Top of RECORDS SUPPLIED
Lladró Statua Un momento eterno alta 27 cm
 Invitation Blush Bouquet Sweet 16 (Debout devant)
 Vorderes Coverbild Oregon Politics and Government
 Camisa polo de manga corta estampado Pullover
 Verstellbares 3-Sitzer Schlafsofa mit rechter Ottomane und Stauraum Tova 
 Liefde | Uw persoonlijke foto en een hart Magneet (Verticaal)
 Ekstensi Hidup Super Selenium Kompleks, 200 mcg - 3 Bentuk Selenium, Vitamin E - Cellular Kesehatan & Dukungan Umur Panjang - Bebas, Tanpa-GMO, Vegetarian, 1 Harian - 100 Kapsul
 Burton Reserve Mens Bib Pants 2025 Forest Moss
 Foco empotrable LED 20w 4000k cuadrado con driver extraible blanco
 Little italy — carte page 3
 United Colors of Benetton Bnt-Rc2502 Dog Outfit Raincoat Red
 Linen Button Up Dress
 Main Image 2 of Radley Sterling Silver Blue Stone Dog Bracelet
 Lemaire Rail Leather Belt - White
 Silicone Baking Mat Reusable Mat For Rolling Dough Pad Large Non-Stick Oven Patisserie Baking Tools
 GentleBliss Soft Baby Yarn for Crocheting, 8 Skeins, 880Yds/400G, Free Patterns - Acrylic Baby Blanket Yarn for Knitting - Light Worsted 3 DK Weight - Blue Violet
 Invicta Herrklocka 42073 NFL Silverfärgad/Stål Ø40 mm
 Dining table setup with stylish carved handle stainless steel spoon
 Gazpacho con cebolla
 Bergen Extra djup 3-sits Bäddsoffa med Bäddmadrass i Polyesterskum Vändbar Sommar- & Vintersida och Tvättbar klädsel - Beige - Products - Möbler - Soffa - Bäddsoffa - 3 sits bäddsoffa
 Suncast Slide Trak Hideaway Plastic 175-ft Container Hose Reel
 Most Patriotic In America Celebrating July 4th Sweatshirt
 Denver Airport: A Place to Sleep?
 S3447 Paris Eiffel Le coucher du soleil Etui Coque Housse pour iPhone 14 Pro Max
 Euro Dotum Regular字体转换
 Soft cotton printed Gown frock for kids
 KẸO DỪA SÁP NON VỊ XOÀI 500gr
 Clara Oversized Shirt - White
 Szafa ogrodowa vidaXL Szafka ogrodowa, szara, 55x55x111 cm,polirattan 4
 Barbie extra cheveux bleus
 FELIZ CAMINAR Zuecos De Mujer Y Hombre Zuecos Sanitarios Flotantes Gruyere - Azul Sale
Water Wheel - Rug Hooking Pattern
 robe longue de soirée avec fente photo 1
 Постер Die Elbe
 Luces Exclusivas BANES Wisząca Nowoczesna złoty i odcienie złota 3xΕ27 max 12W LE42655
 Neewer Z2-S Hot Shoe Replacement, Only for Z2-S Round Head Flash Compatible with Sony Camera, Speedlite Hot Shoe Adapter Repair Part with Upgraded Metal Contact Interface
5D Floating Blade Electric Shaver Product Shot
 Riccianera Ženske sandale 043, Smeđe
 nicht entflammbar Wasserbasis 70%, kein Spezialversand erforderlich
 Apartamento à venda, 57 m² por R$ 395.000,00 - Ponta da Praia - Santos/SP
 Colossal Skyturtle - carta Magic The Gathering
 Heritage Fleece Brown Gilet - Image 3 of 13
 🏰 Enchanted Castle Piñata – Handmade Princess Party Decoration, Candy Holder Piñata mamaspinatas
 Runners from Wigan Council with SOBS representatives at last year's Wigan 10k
Bottom of RECORDS SUPPLIED
-- WORK ORDER --
Please copy each line of the records above that holds the word "Image".

-- ANSWER BOX --
 Main Image 2 of Radley Sterling Silver Blue Stone Dog Bracelet
 Heritage Fleece Brown Gilet - Image 3 of 13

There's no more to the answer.